**Goal of the exercise:**
Each line below that carries the string "Pillow" must appear in the answer.

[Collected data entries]
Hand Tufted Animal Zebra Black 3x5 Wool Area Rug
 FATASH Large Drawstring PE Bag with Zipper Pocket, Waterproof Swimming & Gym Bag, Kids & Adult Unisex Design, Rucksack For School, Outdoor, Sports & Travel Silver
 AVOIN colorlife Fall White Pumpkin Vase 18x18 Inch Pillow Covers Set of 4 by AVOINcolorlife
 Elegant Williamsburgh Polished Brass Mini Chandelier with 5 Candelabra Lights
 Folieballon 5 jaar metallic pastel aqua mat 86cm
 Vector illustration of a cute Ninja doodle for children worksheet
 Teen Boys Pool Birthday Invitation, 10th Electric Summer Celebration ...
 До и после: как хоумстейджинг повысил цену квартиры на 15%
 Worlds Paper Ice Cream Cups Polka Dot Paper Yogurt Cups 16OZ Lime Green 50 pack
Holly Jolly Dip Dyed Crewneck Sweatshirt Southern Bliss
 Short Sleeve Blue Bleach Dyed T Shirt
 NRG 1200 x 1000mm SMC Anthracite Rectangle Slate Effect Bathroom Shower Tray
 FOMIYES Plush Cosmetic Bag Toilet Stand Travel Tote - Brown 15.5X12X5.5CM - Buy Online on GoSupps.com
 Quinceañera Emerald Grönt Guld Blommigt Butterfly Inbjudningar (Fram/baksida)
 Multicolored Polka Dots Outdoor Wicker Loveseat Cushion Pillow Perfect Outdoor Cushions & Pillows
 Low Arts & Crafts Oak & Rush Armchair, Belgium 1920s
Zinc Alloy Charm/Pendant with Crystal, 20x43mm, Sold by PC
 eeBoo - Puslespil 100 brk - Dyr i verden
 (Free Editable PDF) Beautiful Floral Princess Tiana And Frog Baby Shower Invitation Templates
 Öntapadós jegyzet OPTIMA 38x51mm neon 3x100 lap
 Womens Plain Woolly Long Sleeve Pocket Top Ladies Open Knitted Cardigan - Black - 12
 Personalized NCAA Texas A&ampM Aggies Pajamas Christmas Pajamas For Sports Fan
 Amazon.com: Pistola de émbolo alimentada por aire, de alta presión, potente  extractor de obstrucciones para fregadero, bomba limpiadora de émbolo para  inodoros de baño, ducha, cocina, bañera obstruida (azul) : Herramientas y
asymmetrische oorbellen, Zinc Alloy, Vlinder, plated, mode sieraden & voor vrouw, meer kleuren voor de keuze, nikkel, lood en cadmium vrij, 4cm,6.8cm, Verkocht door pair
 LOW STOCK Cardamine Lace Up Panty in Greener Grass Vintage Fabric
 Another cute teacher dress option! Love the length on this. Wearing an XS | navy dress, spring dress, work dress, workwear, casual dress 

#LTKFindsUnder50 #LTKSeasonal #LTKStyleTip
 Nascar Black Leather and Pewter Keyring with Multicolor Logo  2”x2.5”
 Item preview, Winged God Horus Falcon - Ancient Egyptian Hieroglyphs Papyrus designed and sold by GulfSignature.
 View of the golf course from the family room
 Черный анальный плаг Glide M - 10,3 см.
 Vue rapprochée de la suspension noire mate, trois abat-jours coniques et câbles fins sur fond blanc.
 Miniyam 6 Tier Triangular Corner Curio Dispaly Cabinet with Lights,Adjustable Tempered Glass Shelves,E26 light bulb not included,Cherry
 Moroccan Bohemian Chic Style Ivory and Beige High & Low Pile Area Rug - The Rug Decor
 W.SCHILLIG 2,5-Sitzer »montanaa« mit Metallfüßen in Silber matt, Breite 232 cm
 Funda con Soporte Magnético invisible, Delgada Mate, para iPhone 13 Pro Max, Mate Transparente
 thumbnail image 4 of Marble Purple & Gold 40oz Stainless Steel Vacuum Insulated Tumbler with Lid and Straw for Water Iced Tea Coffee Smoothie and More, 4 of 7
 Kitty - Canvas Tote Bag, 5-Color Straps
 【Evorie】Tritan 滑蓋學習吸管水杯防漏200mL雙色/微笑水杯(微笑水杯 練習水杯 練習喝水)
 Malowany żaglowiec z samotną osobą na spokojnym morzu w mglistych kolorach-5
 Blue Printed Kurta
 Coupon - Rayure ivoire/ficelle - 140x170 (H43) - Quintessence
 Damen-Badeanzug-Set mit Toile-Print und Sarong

**Solution below:**
 AVOIN colorlife Fall White Pumpkin Vase 18x18 Inch Pillow Covers Set of 4 by AVOINcolorlife
 Multicolored Polka Dots Outdoor Wicker Loveseat Cushion Pillow Perfect Outdoor Cushions & Pillows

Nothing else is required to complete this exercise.